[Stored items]
::::

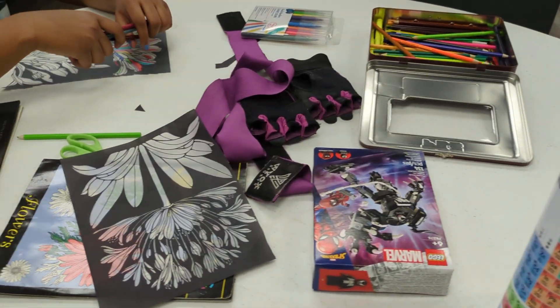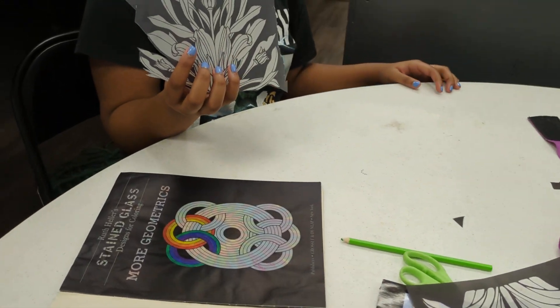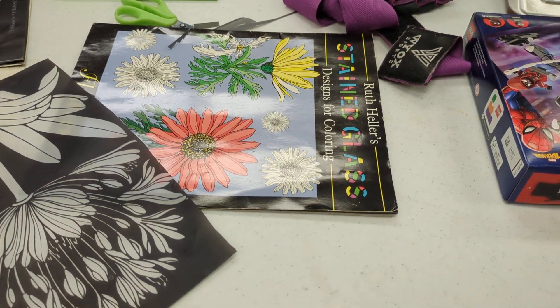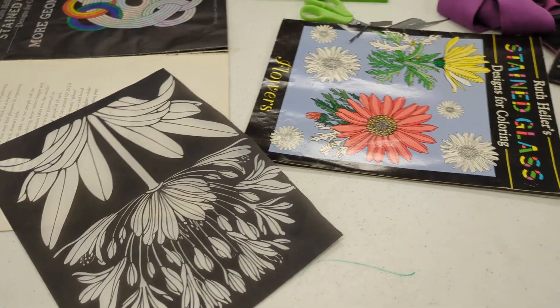All right, we got the advanced arts and crafts. Let me see what you got over there. I like your color contrast. That's looking good. We got the background here. We're working with the stained glass type of coloring.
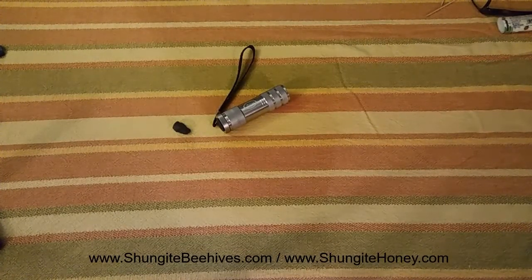Hi, this is Derek with shungitebeehives.com. I'm going to do a quick little shungite flashlight test.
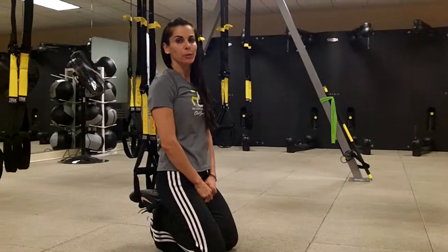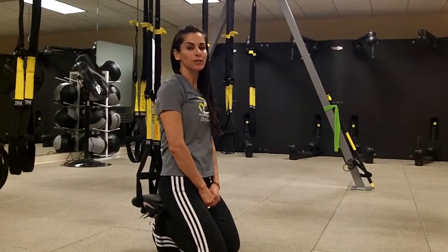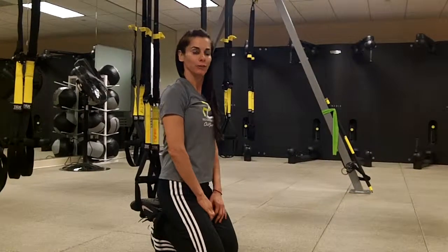Hi, I'm Mojgan, a personal trainer at Club Sport in Pleasanton, and I'm here to demonstrate a knee tuck on the TRX for you.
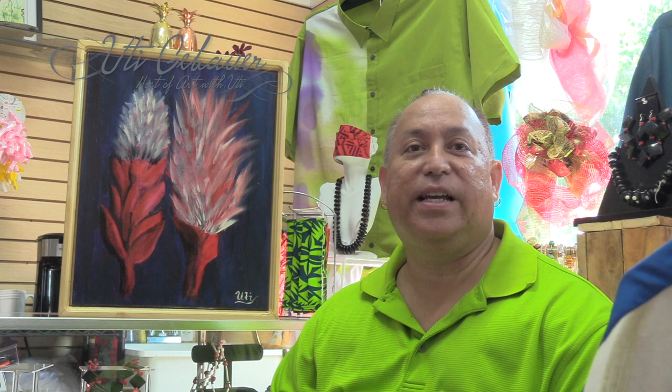Again, this is Art with Uti in American Samoa. Thank you very much.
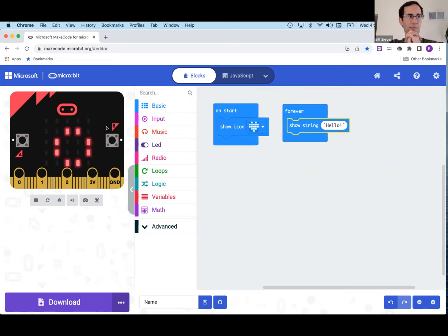If I wanted this to be a name tag, I can click in the show string block and change 'Hello' to 'Bill.' Hit enter, and after a moment the simulated micro:bit now scrolls 'Bill' over and over. This is an example where it's convenient to have a short name.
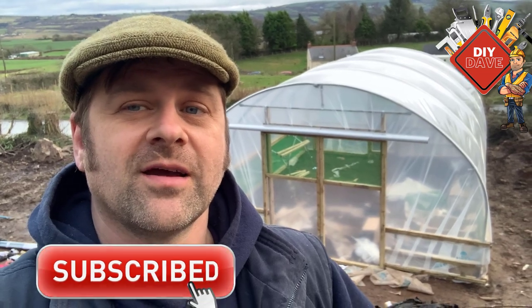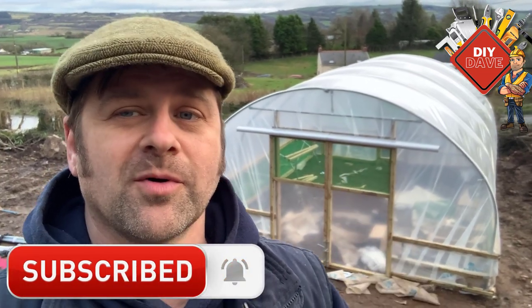And there we go guys — one more project in the bag. I did get a bigger polytunnel than I had before and went all out. I got loads of extras: double sliding doors, ventilation on the side, extra wide — so it's six meters long and just under five meters wide. Speaking with a neighbor, he suggested putting a little pond in there to bring in the amphibians to eat all the little nasties. So I've started on that but that will be another video. Thanks for watching, don't forget to give me a thumbs up and subscribe — it all helps. Cheers guys.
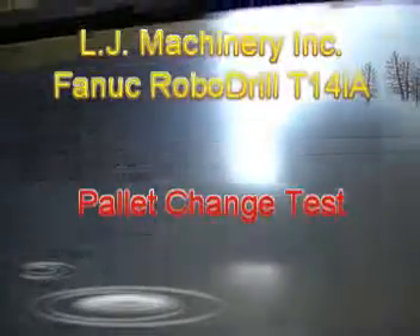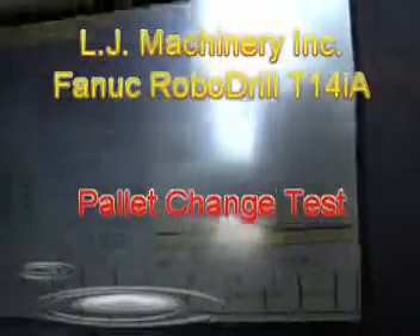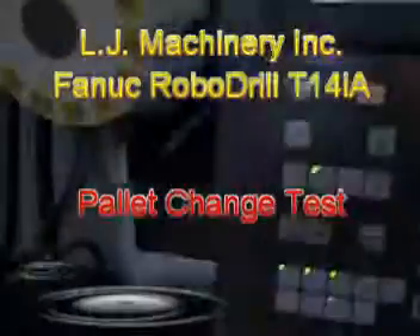I want to try the pallet change. I just put it in MDI mode and entered the M65 command. I zeroed it out — that's the first zero point on this machine — and I just cycle started.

::::

**Your task:**
Transcribe, word for word, the line holding "Again, this is" and all lines after it in the entries above, ending with the last. Only those lines; no pictures.

**Completed exercise:**
Again, this is Art with Uti in American Samoa. Thank you very much.
If I wanted this to be a name tag, I can click in the show string block and change 'Hello' to 'Bill.' Hit enter, and after a moment the simulated micro:bit now scrolls 'Bill' over and over. This is an example where it's convenient to have a short name.
And there we go guys — one more project in the bag. I did get a bigger polytunnel than I had before and went all out. I got loads of extras: double sliding doors, ventilation on the side, extra wide — so it's six meters long and just under five meters wide. Speaking with a neighbor, he suggested putting a little pond in there to bring in the amphibians to eat all the little nasties. So I've started on that but that will be another video. Thanks for watching, don't forget to give me a thumbs up and subscribe — it all helps. Cheers guys.
I want to try the pallet change. I just put it in MDI mode and entered the M65 command. I zeroed it out — that's the first zero point on this machine — and I just cycle started.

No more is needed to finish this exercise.